You probably recycle don’t you? You might have an extra green bin, or different coloured bags that separate out everything that your local council can recycle. Or perhaps you even reuse items as an alternative to their original function (Art Attack springs to mind). Well, Bloomberg Philanthropy is pushing the creative thinking beyond even the capabilities of Neil Buchanan and has commissioned a series of art and design projects as Waste Not, Want It – an example of ‘upcycling’.
Bloomberg themselves provided the designers with the ‘waste’ materials from their own warehouse rubbish. Cables, keyboards and computer mice, and copious volumes of cardboard later the waste has been transformed into some surprisingly creative products.

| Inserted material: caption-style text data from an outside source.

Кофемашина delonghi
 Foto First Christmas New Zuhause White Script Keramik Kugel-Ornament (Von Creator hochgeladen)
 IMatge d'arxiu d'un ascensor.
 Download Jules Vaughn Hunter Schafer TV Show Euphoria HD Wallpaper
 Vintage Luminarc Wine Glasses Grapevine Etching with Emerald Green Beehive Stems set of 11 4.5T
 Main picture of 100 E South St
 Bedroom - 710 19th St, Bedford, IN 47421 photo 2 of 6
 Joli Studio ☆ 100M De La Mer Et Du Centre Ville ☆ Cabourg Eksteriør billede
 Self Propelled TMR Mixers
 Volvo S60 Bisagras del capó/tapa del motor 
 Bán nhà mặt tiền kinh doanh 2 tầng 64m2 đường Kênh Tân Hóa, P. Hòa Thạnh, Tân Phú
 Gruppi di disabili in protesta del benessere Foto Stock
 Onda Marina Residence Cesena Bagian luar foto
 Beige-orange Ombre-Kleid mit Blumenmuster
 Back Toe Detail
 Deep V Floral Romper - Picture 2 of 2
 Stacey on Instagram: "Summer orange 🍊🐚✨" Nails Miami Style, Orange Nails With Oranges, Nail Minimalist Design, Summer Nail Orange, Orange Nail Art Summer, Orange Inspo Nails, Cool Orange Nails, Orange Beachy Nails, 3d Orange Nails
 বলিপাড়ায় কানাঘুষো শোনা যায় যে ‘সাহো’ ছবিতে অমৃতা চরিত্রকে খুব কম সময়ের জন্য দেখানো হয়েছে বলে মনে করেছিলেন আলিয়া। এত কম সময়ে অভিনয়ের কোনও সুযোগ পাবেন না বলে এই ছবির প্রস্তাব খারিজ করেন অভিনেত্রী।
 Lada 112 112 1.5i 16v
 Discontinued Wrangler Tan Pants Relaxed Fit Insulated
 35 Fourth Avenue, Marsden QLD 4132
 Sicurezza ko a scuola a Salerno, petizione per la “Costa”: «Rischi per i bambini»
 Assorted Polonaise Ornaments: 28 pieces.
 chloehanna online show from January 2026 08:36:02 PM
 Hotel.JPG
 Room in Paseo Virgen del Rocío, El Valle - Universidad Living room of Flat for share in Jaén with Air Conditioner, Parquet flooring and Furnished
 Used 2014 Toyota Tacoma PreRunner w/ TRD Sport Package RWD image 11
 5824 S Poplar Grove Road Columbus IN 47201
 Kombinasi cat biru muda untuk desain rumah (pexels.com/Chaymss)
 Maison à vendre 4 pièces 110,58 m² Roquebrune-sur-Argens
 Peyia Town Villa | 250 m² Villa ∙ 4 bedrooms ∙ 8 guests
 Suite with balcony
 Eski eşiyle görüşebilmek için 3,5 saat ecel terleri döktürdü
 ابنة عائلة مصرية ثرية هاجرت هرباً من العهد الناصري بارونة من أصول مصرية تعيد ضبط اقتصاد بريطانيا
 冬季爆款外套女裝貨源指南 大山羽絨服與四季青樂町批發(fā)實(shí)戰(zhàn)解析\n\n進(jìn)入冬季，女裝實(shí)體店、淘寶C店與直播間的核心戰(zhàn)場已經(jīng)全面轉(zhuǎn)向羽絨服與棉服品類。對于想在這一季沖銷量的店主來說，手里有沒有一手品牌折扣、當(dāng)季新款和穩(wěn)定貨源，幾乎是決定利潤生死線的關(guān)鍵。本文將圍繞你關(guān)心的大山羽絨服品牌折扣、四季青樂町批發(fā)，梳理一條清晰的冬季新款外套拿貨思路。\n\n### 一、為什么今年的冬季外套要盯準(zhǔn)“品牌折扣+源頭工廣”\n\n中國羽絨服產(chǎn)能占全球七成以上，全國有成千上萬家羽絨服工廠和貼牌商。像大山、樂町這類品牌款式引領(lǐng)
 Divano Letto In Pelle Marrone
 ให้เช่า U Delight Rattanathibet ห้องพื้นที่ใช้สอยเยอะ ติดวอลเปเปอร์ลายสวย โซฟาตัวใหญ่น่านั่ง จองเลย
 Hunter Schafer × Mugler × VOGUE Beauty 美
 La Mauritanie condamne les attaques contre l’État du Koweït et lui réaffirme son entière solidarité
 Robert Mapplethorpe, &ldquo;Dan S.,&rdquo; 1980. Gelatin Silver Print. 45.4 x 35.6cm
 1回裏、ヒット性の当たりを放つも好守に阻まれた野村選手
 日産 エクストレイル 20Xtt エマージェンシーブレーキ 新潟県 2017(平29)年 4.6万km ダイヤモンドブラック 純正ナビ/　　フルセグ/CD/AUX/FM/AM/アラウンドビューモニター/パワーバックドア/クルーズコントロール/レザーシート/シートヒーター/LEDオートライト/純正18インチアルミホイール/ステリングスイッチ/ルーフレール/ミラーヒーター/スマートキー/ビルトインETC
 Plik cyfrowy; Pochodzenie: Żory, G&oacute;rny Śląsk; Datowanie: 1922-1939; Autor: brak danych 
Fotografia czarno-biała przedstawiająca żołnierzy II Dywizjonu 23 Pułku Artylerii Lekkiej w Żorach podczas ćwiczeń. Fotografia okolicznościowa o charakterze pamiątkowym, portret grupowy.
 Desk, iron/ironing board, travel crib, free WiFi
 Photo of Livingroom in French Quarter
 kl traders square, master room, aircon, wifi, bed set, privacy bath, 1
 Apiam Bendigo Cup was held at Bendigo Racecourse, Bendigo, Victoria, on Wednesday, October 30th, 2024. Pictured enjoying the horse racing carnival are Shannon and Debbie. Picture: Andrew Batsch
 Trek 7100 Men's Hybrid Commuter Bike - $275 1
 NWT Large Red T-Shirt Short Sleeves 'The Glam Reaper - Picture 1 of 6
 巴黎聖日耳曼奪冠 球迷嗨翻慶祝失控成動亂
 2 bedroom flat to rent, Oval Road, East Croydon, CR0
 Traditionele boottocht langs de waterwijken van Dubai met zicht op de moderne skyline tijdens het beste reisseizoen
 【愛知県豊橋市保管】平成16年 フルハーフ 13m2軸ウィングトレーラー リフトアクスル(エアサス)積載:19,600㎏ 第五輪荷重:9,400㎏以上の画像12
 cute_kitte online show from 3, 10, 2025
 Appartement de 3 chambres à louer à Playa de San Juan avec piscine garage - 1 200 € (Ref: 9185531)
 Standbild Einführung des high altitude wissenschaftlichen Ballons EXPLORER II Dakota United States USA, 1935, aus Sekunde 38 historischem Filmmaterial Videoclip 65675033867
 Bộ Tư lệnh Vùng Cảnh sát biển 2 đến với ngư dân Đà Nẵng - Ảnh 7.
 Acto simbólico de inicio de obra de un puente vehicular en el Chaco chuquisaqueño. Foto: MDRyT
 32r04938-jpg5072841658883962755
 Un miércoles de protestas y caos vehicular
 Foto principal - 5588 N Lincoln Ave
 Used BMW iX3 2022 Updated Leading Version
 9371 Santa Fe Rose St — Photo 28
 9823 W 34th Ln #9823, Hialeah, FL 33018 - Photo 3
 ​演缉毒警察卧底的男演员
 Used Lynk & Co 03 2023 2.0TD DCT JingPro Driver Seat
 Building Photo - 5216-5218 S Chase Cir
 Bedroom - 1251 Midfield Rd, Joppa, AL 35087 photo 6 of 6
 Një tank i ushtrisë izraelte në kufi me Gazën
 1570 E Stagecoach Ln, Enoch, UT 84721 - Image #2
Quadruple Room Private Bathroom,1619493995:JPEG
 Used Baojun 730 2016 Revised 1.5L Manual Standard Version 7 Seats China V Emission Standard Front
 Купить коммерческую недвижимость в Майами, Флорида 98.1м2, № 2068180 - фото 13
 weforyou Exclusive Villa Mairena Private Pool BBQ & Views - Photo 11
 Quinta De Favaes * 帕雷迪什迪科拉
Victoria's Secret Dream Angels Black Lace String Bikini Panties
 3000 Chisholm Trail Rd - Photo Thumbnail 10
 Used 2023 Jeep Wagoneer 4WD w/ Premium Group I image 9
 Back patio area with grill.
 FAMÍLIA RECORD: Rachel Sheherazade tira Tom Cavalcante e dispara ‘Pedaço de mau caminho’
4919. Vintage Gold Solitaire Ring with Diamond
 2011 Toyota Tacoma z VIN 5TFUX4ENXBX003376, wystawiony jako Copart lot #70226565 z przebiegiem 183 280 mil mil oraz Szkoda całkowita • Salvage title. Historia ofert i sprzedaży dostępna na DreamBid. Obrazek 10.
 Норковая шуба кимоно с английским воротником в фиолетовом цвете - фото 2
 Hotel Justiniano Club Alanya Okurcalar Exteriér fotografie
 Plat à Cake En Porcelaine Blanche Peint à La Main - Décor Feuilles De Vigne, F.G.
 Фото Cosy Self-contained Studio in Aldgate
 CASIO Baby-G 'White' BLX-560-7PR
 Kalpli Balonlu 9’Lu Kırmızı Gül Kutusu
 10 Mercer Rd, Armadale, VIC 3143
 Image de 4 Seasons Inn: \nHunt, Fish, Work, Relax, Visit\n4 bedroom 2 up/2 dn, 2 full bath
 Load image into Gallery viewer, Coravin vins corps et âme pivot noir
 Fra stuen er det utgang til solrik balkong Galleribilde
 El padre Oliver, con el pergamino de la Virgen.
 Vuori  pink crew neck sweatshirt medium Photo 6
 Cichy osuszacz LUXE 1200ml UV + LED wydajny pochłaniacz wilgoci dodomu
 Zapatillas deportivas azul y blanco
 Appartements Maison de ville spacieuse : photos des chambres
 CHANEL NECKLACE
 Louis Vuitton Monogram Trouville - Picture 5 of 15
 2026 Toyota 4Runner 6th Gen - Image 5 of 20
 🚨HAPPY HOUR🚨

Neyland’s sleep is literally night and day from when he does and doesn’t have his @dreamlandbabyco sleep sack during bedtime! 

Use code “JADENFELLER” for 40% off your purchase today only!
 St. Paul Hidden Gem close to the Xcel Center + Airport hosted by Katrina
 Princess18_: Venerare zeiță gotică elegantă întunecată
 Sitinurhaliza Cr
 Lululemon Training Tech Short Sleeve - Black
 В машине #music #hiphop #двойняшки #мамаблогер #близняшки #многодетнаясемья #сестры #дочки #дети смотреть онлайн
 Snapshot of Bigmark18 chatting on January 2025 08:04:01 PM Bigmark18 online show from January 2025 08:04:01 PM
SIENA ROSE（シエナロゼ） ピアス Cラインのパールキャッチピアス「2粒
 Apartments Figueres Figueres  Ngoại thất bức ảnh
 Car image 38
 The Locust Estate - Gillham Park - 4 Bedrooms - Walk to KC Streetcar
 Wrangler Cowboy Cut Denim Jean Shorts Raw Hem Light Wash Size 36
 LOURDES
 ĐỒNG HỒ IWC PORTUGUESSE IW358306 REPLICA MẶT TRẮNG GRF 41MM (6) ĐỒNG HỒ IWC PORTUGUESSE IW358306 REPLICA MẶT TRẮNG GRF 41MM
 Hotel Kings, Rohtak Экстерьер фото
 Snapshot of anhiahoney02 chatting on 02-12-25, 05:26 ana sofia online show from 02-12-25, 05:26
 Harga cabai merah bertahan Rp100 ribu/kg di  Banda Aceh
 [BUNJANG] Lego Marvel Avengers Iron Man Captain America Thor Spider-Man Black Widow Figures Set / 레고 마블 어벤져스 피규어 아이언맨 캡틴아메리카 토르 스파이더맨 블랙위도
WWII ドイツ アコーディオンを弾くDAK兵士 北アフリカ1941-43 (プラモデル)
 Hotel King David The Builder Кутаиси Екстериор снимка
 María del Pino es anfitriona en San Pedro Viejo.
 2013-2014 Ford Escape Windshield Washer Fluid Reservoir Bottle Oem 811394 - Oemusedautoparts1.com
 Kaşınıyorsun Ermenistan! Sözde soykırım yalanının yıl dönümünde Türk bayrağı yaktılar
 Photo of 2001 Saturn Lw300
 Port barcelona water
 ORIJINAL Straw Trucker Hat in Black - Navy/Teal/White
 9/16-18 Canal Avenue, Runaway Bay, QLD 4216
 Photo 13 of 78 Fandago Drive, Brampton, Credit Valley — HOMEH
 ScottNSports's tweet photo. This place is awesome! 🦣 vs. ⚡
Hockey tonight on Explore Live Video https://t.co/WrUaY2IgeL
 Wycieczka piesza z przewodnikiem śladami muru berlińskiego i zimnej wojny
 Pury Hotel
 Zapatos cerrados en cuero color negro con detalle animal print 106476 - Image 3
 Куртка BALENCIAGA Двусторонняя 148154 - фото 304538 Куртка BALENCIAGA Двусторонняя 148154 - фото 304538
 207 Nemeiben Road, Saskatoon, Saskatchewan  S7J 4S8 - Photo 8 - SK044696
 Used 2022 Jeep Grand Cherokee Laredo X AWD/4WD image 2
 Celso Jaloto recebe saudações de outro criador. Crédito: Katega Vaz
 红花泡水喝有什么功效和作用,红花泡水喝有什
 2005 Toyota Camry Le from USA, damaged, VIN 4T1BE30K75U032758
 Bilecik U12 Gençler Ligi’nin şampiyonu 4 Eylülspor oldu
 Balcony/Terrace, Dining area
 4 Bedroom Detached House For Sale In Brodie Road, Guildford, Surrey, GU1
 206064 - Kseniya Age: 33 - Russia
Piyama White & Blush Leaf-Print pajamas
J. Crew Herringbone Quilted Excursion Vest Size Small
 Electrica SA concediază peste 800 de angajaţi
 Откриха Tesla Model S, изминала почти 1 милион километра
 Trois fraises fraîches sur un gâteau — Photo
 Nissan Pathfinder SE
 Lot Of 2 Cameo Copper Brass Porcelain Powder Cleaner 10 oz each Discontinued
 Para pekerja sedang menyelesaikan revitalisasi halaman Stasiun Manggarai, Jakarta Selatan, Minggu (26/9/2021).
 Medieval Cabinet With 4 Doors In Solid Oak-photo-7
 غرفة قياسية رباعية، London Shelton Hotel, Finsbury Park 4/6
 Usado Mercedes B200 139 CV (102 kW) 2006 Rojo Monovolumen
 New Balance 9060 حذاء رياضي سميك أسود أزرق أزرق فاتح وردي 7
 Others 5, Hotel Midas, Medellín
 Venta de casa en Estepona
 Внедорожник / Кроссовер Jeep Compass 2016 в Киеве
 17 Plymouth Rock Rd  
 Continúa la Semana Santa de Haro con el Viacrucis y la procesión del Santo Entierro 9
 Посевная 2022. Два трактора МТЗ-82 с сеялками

Matthew Plummer-Fernandez created a chandelier inspired by infructescence (that’s the ripening of clusters of fruit, don’t you know), with dip coated computer mice. He even fixed up the LEDs to represent the actual ripening of the fruit!
250 kiln dried pallets became a conference table and set of chairs courtesy of Nina Tolstrup.
My favourite, however, has to be David Batchelow’s “Dog Balls”. Reminiscent of rubber band balls as a kid it has the perfect balance of decorative art and creative thinking to make a really desirable product out of something that, when used as cables, we are continually struggling to hide and tidy away. They consist of over 10km of cable and the largest weighs an incredible 150kg!
Finally “The Pond” from Raw Edge offers us “‘a bucolic seating environment” created from keyboard keys and old CRT monitors fixed up to run an animation by Oscar Narud.
Sigrid Wilkinson of Art Co was so impressed that she can one day see “all public areas or meeting room furniture being made entirely from waste”, and I’m inclined to agree. The term ‘waste’ itself could well become obsolete and things will just continually be combined and upcycled instead.